Cool, can't wait to play ARMS on my Nintendo Switch.


----------



## RandomNameAndNumber (Mar 4, 2019)

Foxi4 said:


> Are you going to play Doom on your thermostat?


I probably would....not to be contrary, but that is cool as hell.  Or is it the new hotness?


----------



## Deleted User (Mar 4, 2019)

This is starting to become like the HTC HD2, not like that's a bad thing.


----------



## InsaneNutter (Mar 4, 2019)

Jack54782 said:


> This is starting to become like the HTC HD2, not like that's a bad thing.



What a device, anyone who purchased the HD2 certainly got their moneys worth.


----------



## Condemned87 (Mar 4, 2019)

Wow, Windows on Switch would be nice!


----------



## iyenal (Mar 4, 2019)

Near future: Office suite on Nintendo Switch


----------



## Bedel (Mar 4, 2019)

Idk if there is a Visual Studio version for ARM W10 (there sould be one), or at least a jdk and a jre. Would be fun to do some shit with the switch if we can connect a keyboard with the usb port.


----------



## DSpider (Mar 4, 2019)

x86 programs - which is 99.99% of Windows programs (and games) do not run on ARM. If you were hoping for a browser on Windows 10 ARM, just go with Linux.
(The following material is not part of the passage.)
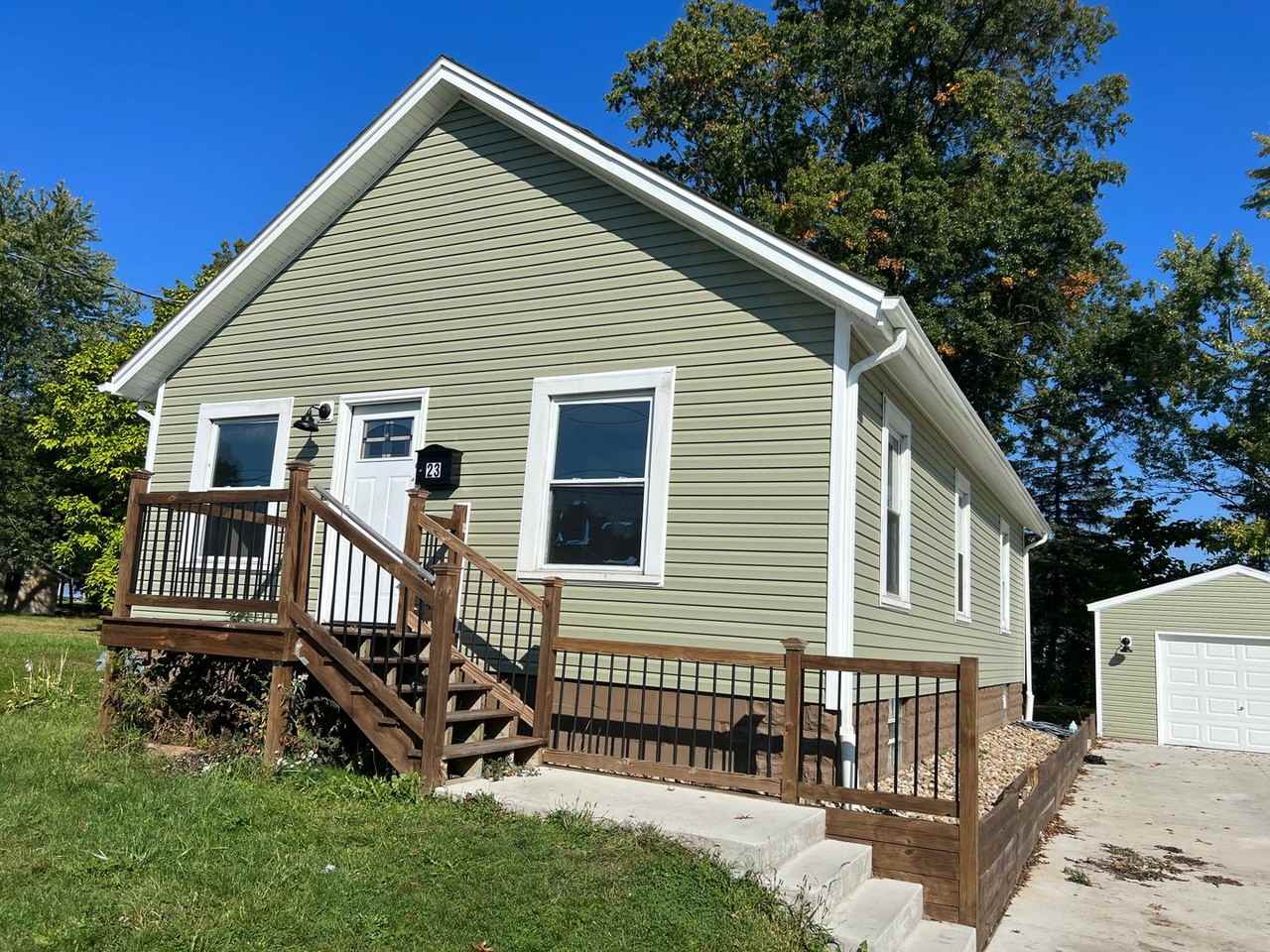 23 Lawnview Ave - Photo 2 of 18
The Switch is closer to an Nvidia Shield and at least you'll get more driver support that way.


----------



## NoNAND (Mar 4, 2019)

Finally something that isn't Linux!
looking forward to this one.


----------



## Idaho (Mar 4, 2019)

Memoir said:


> If only it were. That'd be great. Give me one objective reason this will prove useful to any end user.



It has the same potential of being useful as Android or Linux, it just needs proper driver support and for now, none of these ports do, it's a shame, especially for Linux as it'd be my OS of choice if it were usable without hassles (lack of many drivers including audio make it unattractive to me and a lot of other people). Linux is still probably the most advanced but I have more faith in the Android switch port as there is more popular demand on this one than on all the others...


----------



## DaveLister (Mar 4, 2019)

Would be nice to see one switch on Kali one on win 10 . Script wars, watch as one switch slays the other .


----------



## Bladexdsl (Mar 4, 2019)

great now you'll be able to get windows malware installed on your switch. better come up with an adblockplus for switch boyz


----------



## Minox (Mar 4, 2019)

DSpider said:


> x86 programs - which is 99.99% of Windows programs (and games) do not run on ARM. If you were hoping for a browser on Windows 10 ARM, just go with Linux. The Switch is closer to an Nvidia Shield and at least you'll get more driver support that way.


I think you're missing something about Windows 10 on ARM. It's specifically built to be native Windows running on an ARM architecture *with* an x86 emulator layer allowing for normal Windows applications to run as well. Since it's emulation it's not going to be fast, but they do run.


----------



## Seriel (Mar 4, 2019)

DSpider said:


> x86 programs - which is 99.99% of Windows programs (and games) do not run on ARM. If you were hoping for a browser on Windows 10 ARM, just go with Linux. The Switch is closer to an Nvidia Shield and at least you'll get more driver support that way.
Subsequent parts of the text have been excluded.